Tax Day Becomes Protest Day – WSJ.com

Posted by rasticus on April 15, 2009

Tax Day Becomes Protest Day

How the tea parties could change American politics.

Today American taxpayers in more than 300 locations in all 50 states will hold rallies — dubbed “tea parties” — to protest higher taxes and out-of-control government spending. There is no political party behind these rallies, no grand right-wing conspiracy, not even a 501(c) group like MoveOn.org.

[Commentary] Reuters

A rally and march in protest of higher taxes in Santa Barbara, Calif., April 4.

So who’s behind the Tax Day tea parties? Ordinary folks who are using the power of the Internet to organize. For a number of years, techno-geeks have been organizing “flash crowds” — groups of people, coordinated by text or cellphone, who converge on a particular location and then do something silly, like the pillow fights that popped up in 50 cities earlier this month. This is part of a general phenomenon dubbed “Smart Mobs” by Howard Rheingold, author of a book by the same title, in which modern communications and social-networking technologies allow quick coordination among large numbers of people who don’t know each other.

In the old days, organizing large groups of people required, well, an organization: a political party, a labor union, a church or some other sort of structure. Now people can coordinate themselves.

We saw a bit of this in the 2004 and 2008 presidential campaigns, with things like Howard Dean’s use of Meetup, and Barack Obama’s use of Facebook. But this was still social-networking in support of an existing organization or campaign. The tea-party protest movement is organizing itself, on its own behalf. Some existing organizations, like Newt Gingrich’s American Solutions and FreedomWorks, have gotten involved. But they’re involved as followers and facilitators, not leaders. The leaders are appearing on their own, and reaching out to others through blogs, Facebook, chat boards and alternative media.

The protests began with bloggers in Seattle, Wash., who organized a demonstration on Feb. 16. As word of this spread, rallies in Denver and Mesa, Ariz., were quickly organized for the next day. Then came CNBC talker Rick Santelli’s Feb. 19 “rant heard round the world” in which he called for a “Chicago tea party” on July Fourth. The tea-party moniker stuck, but angry taxpayers weren’t willing to wait until July. Soon, tea-party protests were appearing in one city after another, drawing at first hundreds, and then thousands, to marches in cities from Orlando to Kansas City to Cincinnati.

As word spread, people got interested in picking a common date for nationwide protests, and decided on today, Tax Day, as the date. As I write this, various Web sites tracking tea parties are predicting anywhere between 300 and 500 protests at cities around the world. A Google Map tracking planned events, maintained at the FreedomWorks.org Web site, shows the United States covered by red circles, with new events being added every day.

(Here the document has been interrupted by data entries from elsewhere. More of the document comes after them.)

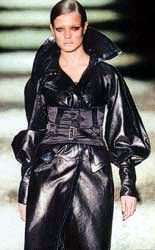 Gucci. Кожа. мода 2003 - 2004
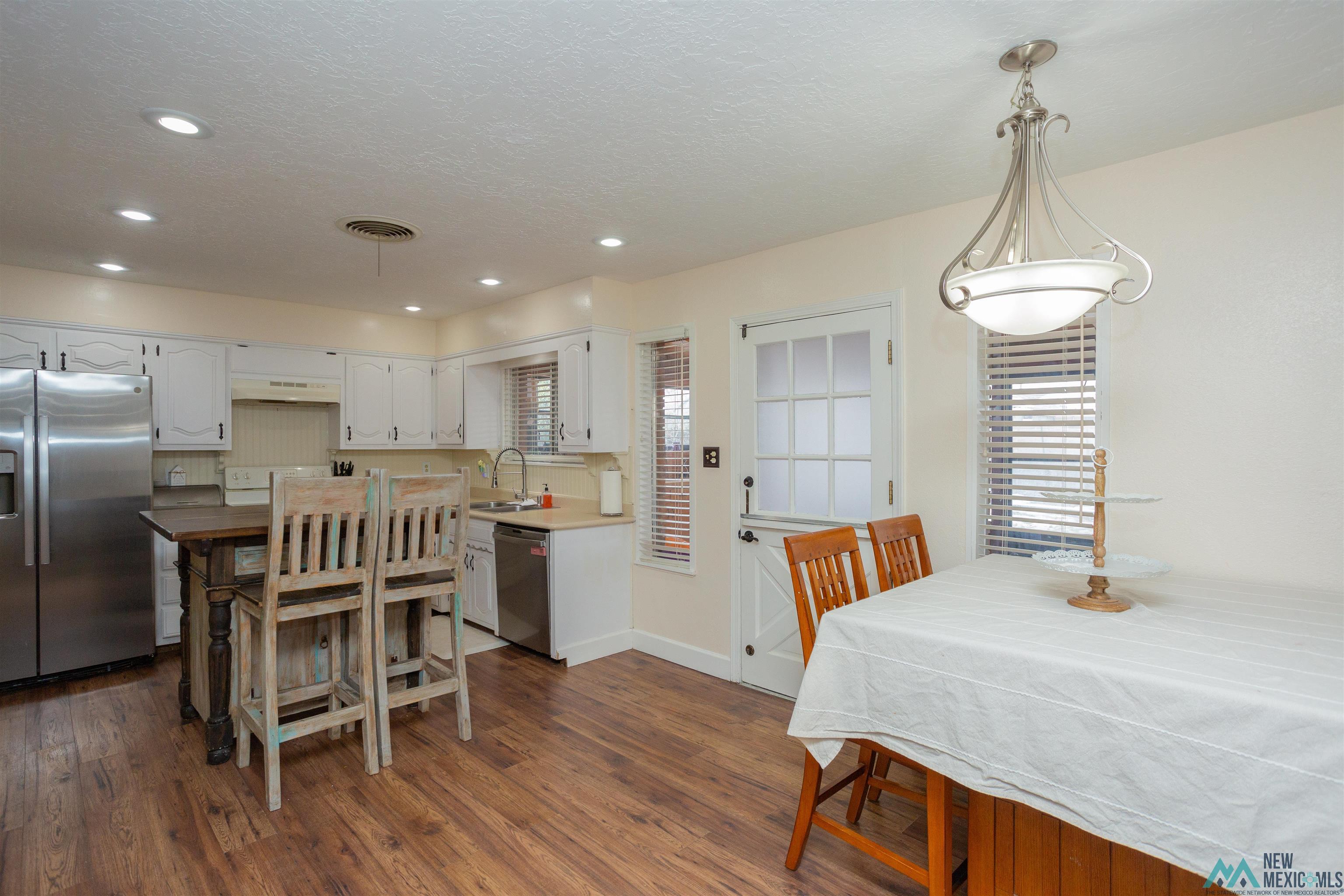 703 Canoncito Drive, Roswell, Texas image 11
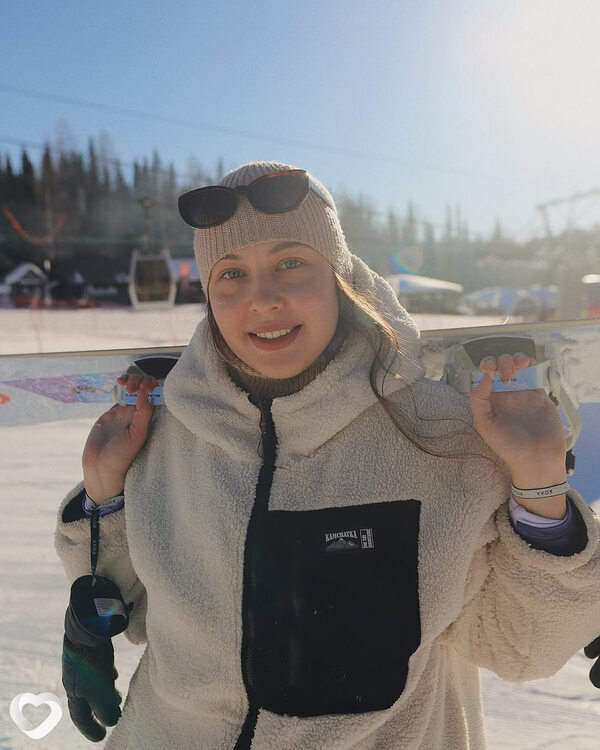 Alina, 23, Омске — анкета №1572818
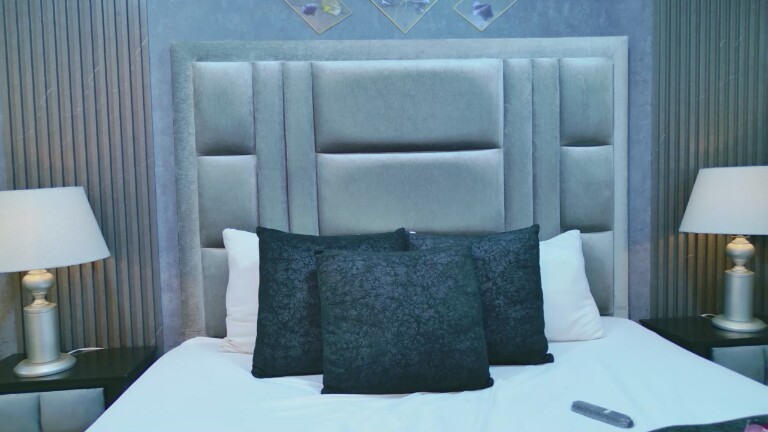 LolaMonroee's Streamate show and profile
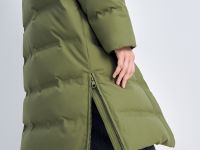 Пуховое стеганое пальто с капюшоном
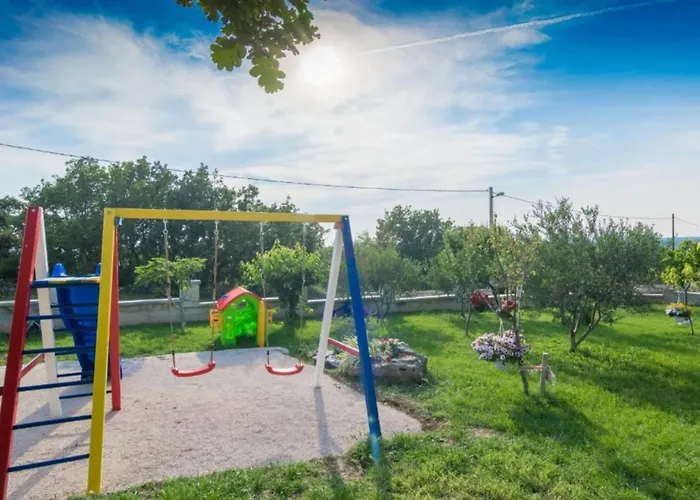 Six Bedroom House With Pool * Benkovac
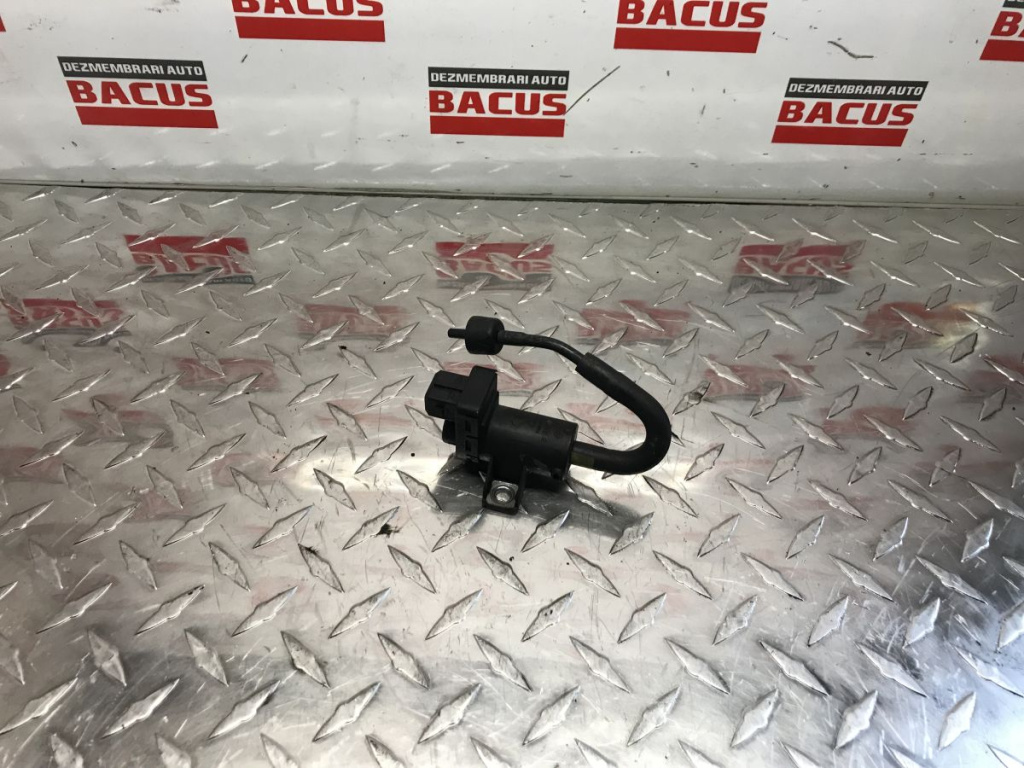 Supapa vacuum Dacia Sandero 2 Stepway / Logan 2 1.5 dci Cod : 8200762162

The movement grew so fast that some bloggers at the Playboy Web site — apparently unaware that we’ve entered the 21st century — suggested that some secret organization must be behind all of this. But, in fact, today’s technology means you don’t need an organization, secret or otherwise, to get organized. After considerable ridicule, the claim was withdrawn, but that hasn’t stopped other media outlets from echoing it.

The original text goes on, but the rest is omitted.